Sentir a ausência. Perceber a onipresença sem poder sentir a sua pele em ondas, aquele sorriso que me abraçava, o olhar sincero, as mímicas, as mãos que brincavam com os meus olhos e que escondiam os doces. Era uma recepção programada. O som daquele chinelinho arrastando no piso de madeira soa na minha memória. Ela está aqui. Como se ouvisse perfeitamente bem. Como quem sente a aflição alheia. Como quando entrava no seu quarto, ajudava na escolha do vestido, dos brincos, do colar. Ela sentava na sua cadeira frente ao espelho, passava pó naquele rosto sorridente com uma delicadeza e uma destreza impar. Olhava-me por cima, com um sorriso ladino, depois me entregava as “ramonas” para que eu fizesse o melhor penteando, naqueles poucos fios de cabelos compridos. As unhas sempre pintadas, os vestidos bordados e o cheiro da sua pele não me deixam esquecer os bons momentos que passei ao lado da Senhora Paulina, uma professora, uma mãe, uma avó e uma amiga.

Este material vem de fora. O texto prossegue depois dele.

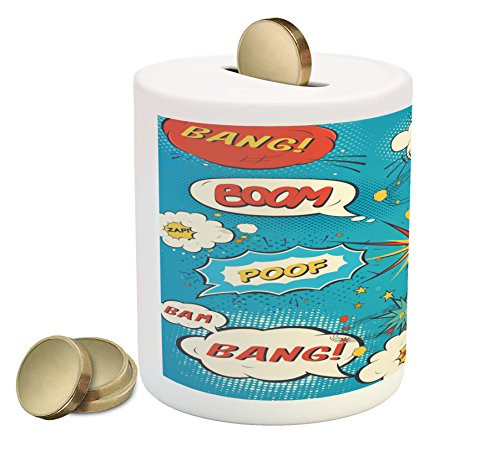 Lunarable Superhero Piggy Bank, Pop Art Style Comic Speech Bubbles Funny Humor Expressions Boom Splash Bang, Printed Ceramic Coin Bank Money Box for Cash Saving, Blue Cream Red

Foi num verão, nas férias da escola que mais senti a falta do meu pai, porque sentia o amor que ela tinha por ele. Ao lado dela assistia o jornal na televisão, aprendia a fazer o melhor arroz que já comi, a dar e receber carinho. Ao lado dela e com ela, aprendi a ser forte. Foi ela quem me ensinou a ajudar sem medir esforços, sem receber recompensas. Herdei vestidos, uma mala, um anel e infinitas recordações. Guardo na minha caixinha a nossa sintonia, os nossos olhares e todo o nosso amor. Resgato de lá, quando preciso respirar fundo. Apenas as boas lembranças. Apenas a verdade que me envolve com eles. O pai da minha mãe e a mãe do meu pai. A minha avó, minha luz de todo o dia.
Desde o último inverno oito pessoas fazem esse entrelaço com meus avós. Trocamos conhecimentos, vivenciamos experiências, sensações, convivemos com a arte. Eles completam o que se foi: o abraço, o cheiro, o carinho, os conselhos sábios, as histórias que me encantam. Nada melhor do que ter sempre por perto alguém com mais de 60 anos, sorriso no rosto, disposição, vontade de viver e recomeçar sempre. Leveza e intensidade. Sem olhar para o céu, sem pensar nas estrelas que não foram.
Um comentário:
Lindo e tocante como sempre.
Amo você, e o modo como consegues passar para o papel teus sentimentos. O melhor de tudo é que neles têm a delicadeza e sinceridade que só podiam ser tuas.